Proposition 3 : Le gestionnaire qui favorise la participation et donne le choix des objectifs de rendement ou de développement à l’employé lors de la rétroaction sur son rendement influence positivement besoin d’autonomie de l’employé.

Pour l’employé, la rétroaction lie l’évaluation passée du rendement à sa mesure future avec, entre ces deux événements, ce qu’on espère être un rendement qui satisfait ou dépasse les attentes. La rétroaction est importante aussi pour le gestionnaire puisqu’elle constitue un élément du processus de gestion du rendement qui est sous son contrôle, ce qui n’est pas toujours le cas des processus (p. ex. : la fréquence des évaluations) ou des aspects techniques spécifiques à la mesure (p. ex. : la qualité des instruments). Or, l’efficacité de la rétroaction dépend d’un certain nombre de facteurs déjà balisés.

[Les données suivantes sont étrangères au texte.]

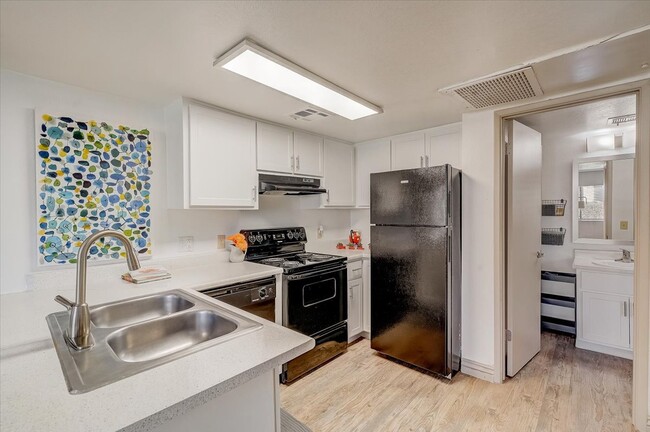 The Place at 2120 in Tucson, AZ - Building Photo - Building Photo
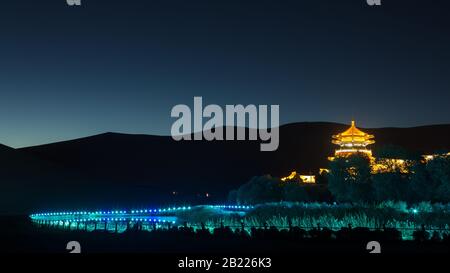 Préaube avec les lumières sur le printemps de la Lune du Croissant à Dunhuang, Gansu Chine. Très peu de gens connaissent ce lever de soleil. Banque D'Images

Kluger et DeNisi (1996) précisent notamment que la rétroaction spécifique, fondée sur les tâches, peut être très efficace dans le contexte de l’évaluation de rendement. À l’instar de ces travaux, Gagné, Sénécal et Koestner (1997) montrent qu’une rétroaction sur le rendement qui traite à la fois des progrès accomplis dans la tâche et des progrès réalisés par la personne, donc de son développement, est corrélée positivement à la motivation autonome au travail. Nous croyons que c’est en agissant sur les besoins psychologiques fondamentaux des employés qu’un tel impact est possible.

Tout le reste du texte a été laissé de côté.